Many strategies for suffix stripping have been reported in the
literature.{(e.g. 1-6)} The nature of the task will vary considerably
depending on whether a stem dictionary is being used, whether a suffix
list is being used, and of course on the purpose for which the suffix
stripping is being done. Assuming that one is not making use of a stem
dictionary, and that the purpose of the task is to improve IR performance,
the suffix stripping program will usually be given an explicit list of
suffixes, and, with each suffix, the criterion under which it may be removed
from a word to leave a valid stem. This is the approach adopted here. The
main merits of the present program are that it is small (less than 400 lines
of BCPL), fast (it will process a vocabulary of 10,000 different words in
about 8.1 seconds on the IBM 370/165 at Cambridge University), and
reasonably simple. At any rate, it is simple enough to be described in full
as an algorithm in this paper. (The present version in BCPL is freely
available from the author. BCPL is itself available on a wide range of
different computers, but anyone wishing to use the program should have
little difficulty in coding it up in other programming languages.) Given the
speed of the program, it would be quite realistic to apply it to every word
in a large file of continuous text, although for historical reasons we have
found it convenient to apply it only to relatively small vocabulary lists
derived from continuous text files.
In any suffix stripping program for IR work, two points must be borne in
mind. Firstly, the suffixes are being removed simply to improve IR
performance, and not as a linguistic exercise.

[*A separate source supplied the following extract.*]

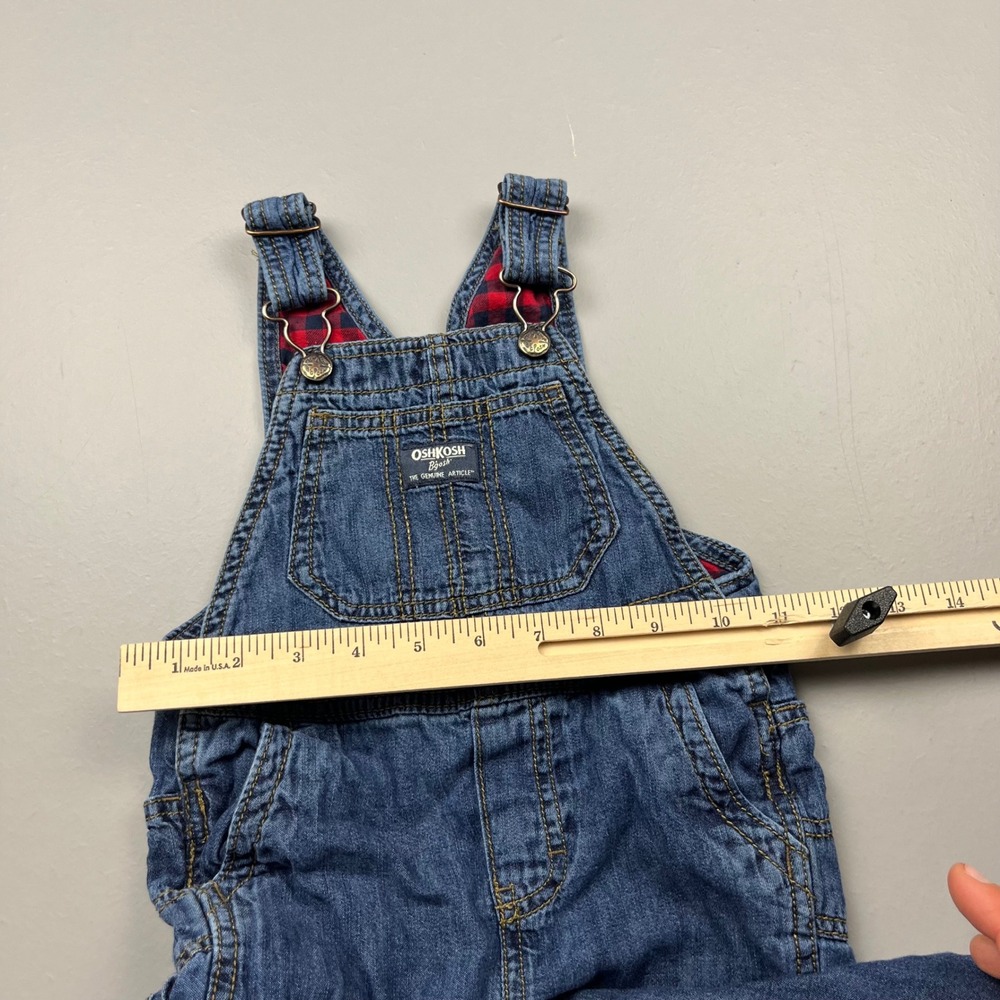 OshKosh B'gosh Denim Overalls Kids 24M Blue Flannel Lined Plaid 1M185310 - Picture 9 of 13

This means that it would not
be at all obvious under what circumstances a suffix should be removed, even
if we could exactly determine the suffixes of a word by automatic means.
Perhaps the best criterion for removing suffixes from two words W1 and W2 to
produce a single stem S, is to say that we do so if there appears to be no
difference between the two statements `a document is about W1' and `a
document is about W2'. So if W1=`CONNECTION' and W2=`CONNECTIONS' it seems
very reasonable to conflate them to a single stem. But if W1=`RELATE' and
W2=`RELATIVITY' it seems perhaps unreasonable, especially if the document
collection is concerned with theoretical physics. (It should perhaps be
added that RELATE and RELATIVITY \are\ conflated together in the algorithm
described here.) Between these two extremes there is a continuum of
different cases, and given two terms W1 and W2, there will be some variation
in opinion as to whether they should be conflated, just as there is with
deciding the relevance of some document to a query. The evaluation of the
worth of a suffix stripping system is correspondingly difficult.

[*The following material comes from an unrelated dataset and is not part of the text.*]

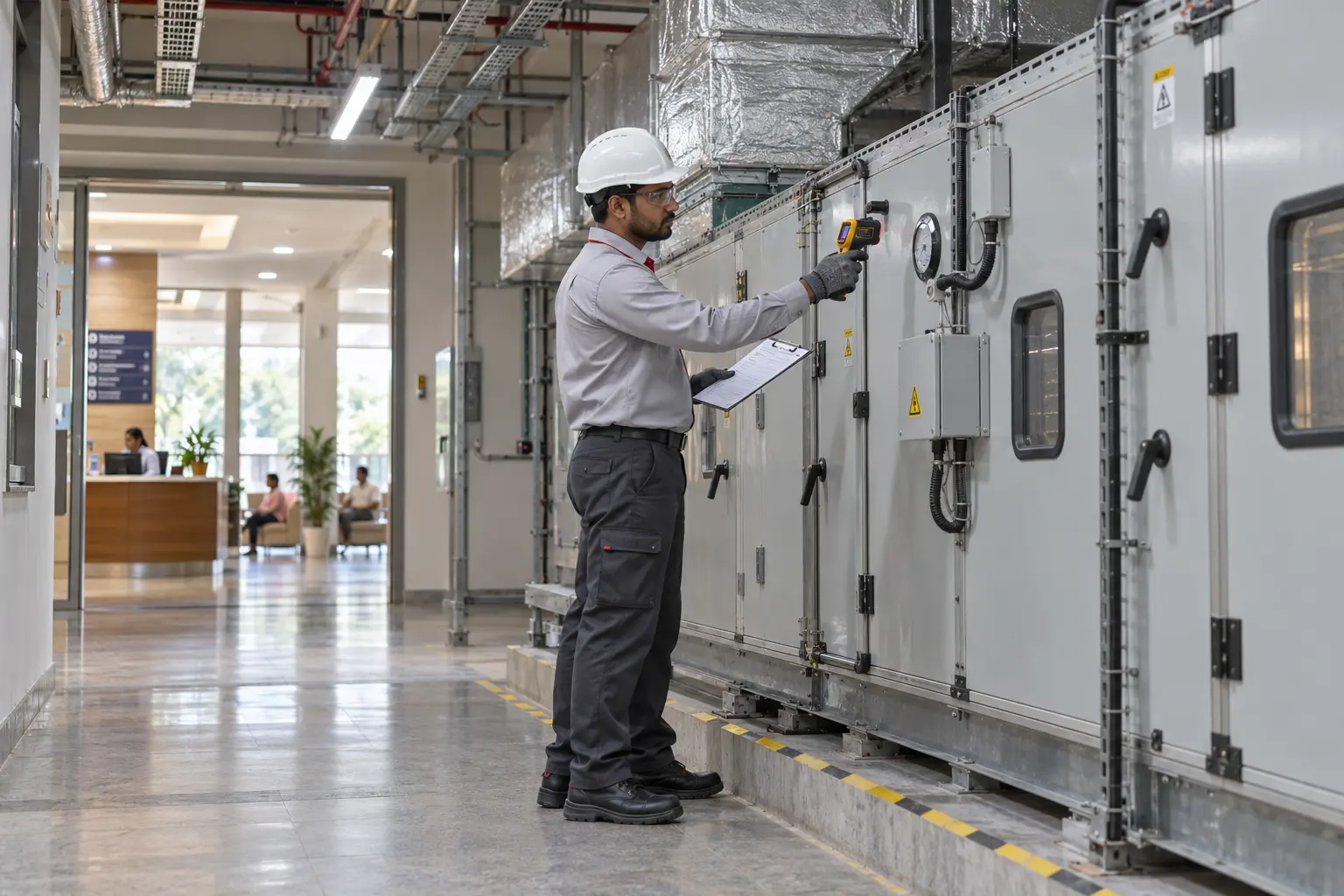 Facility technician inspecting an accessible HVAC unit in an Indian administrative facility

The second point is that with the approach adopted here, i.e. the use of a
suffix list with various rules, the success rate for the suffix stripping
will be significantly less than 100% irrespective of how the process is
evaluated. For example, if SAND and SANDER get conflated, so most probably
will WAND and WANDER. The error here is that the -ER of WANDER has been
treated as a suffix when in fact it is part of the stem. Equally, a suffix
may completely alter the meaning of a word, in which case its removal is
unhelpful. PROBE and PROBATE for example, have quite distinct meanings in
modern English. (In fact these would not be conflated in our present
algorithm.) There comes a stage in the development of a suffix stripping
program where the addition of more rules to increase the performance in one
area of the vocabulary causes an equal degradation of performance elsewhere.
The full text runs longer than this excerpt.